Google, Meta, Apple and more unite against Texas governor’s cruel attack on trans kids
More than 60 companies, including Apple, Google and Ikea, are calling on Texas governor Greg Abbott to drop his “discriminatory” order for parents of trans kids to be investigated for child abuse.
In an advert in the Dallas Morning News, the businesses demanded Abbott “abandon efforts to write discrimination into law and policy”.
Meta, Johnson & Johnson, Ikea, PayPal, Capital One, Electronic Arts and many more firms all signed the ad, which ran in the paper on Friday (11 March).
“The recent attempt to criminalise a parent for helping their transgender child access medically necessary, age-appropriate healthcare in the state of Texas goes against the values of our companies,” the ad says.

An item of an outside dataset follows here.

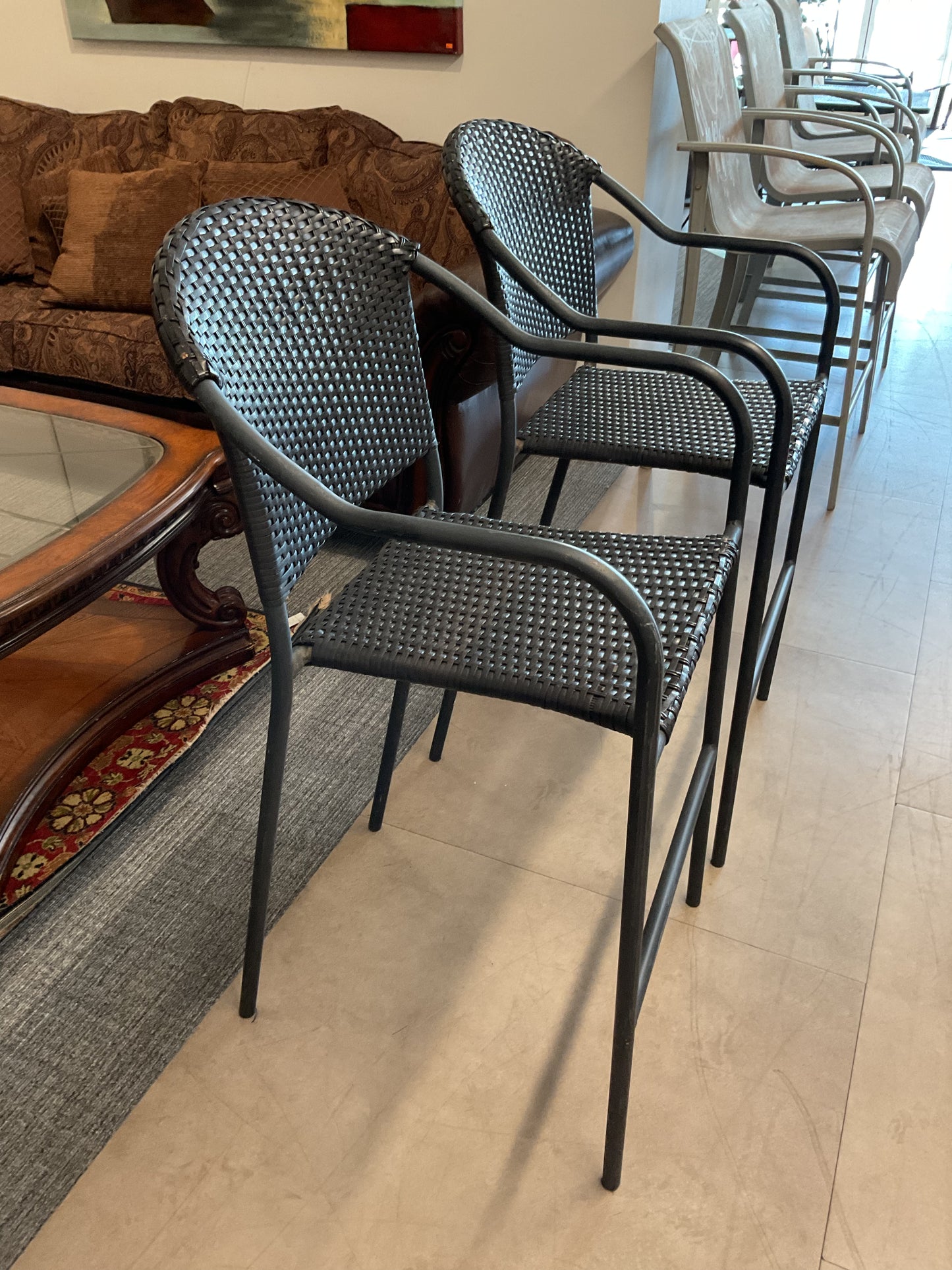 Black Wicker Bar Stool Set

The companies added: “It’s not just wrong, it has an impact on our employees, our customers, their families, and our work.”
Abbott’s 22 February order demands that state agencies in Texas “conduct prompt and thorough investigations” of gender-affirming healthcare for trans youth, including surgeries (which are not routinely, if ever, accessible to under-18s) and puberty blockers.

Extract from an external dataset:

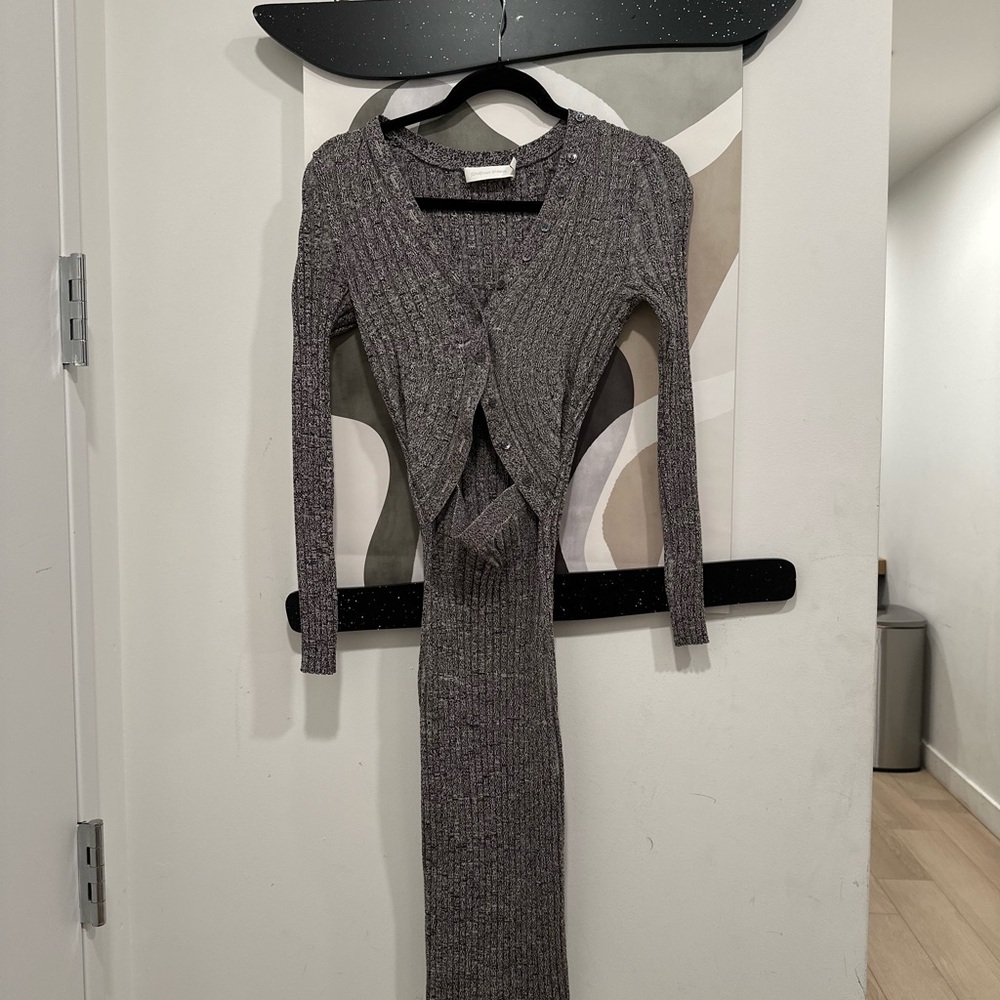 Jonathan Simkhai Gray V-Neck Long Sleeve Bodycon Dress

He called this healthcare “abusive” and said officials who failed to report it could face jail time. The order also requires teachers, doctors and civilians to report parents of trans children to the authorities and says the parents should incur criminal penalties for supporting their trans kids.
Abbott’s order comes in the wake of Texas attorney general Ken Paxton calling trans healthcare “monstrous and tragic” and claiming it “remains medically impossible to truly change the sex of an individual because this is determined biologically at conception” – a statement Abbott said he agrees with.

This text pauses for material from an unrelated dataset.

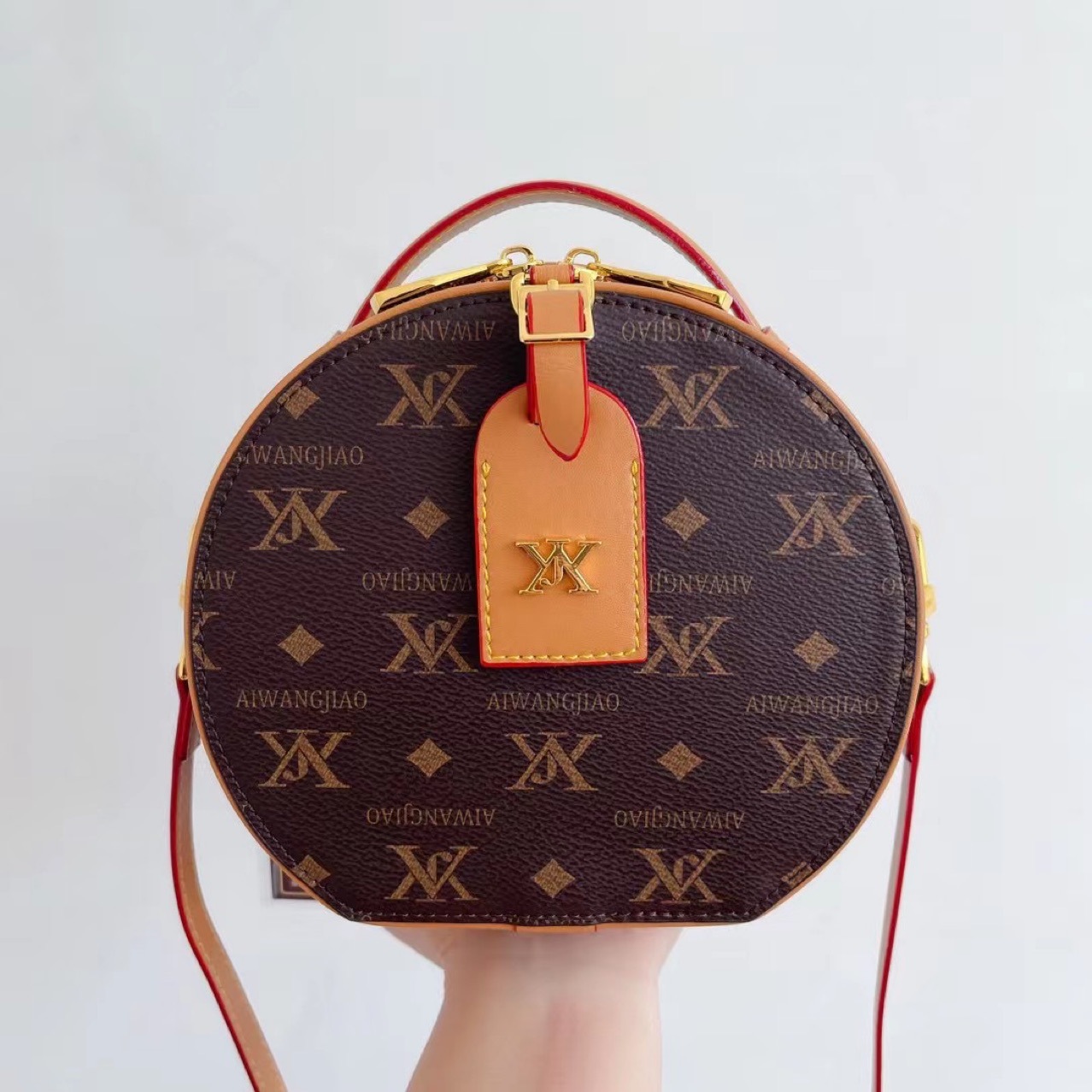 包包女2022新款老花圆饼包变色皮时尚百搭单肩斜挎苹果包小圆包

Both men’s comments about trans healthcare align with the position of “gender critical” activists in the UK, who maintain that it is not possible to change sex.
“Texas state leaders are forcing parents of transgender kids to decide between abandoning their lives, quitting their jobs, and leaving the state or fostering a safe, inclusive environment for their child,” Joni Madison, Human Rights Campaign interim president, told Axios.
Pressure from corporations has had some success in pushing back against anti-trans political efforts in recent years, notably with getting rid of the so-called “bathroom bill” in North Carolina.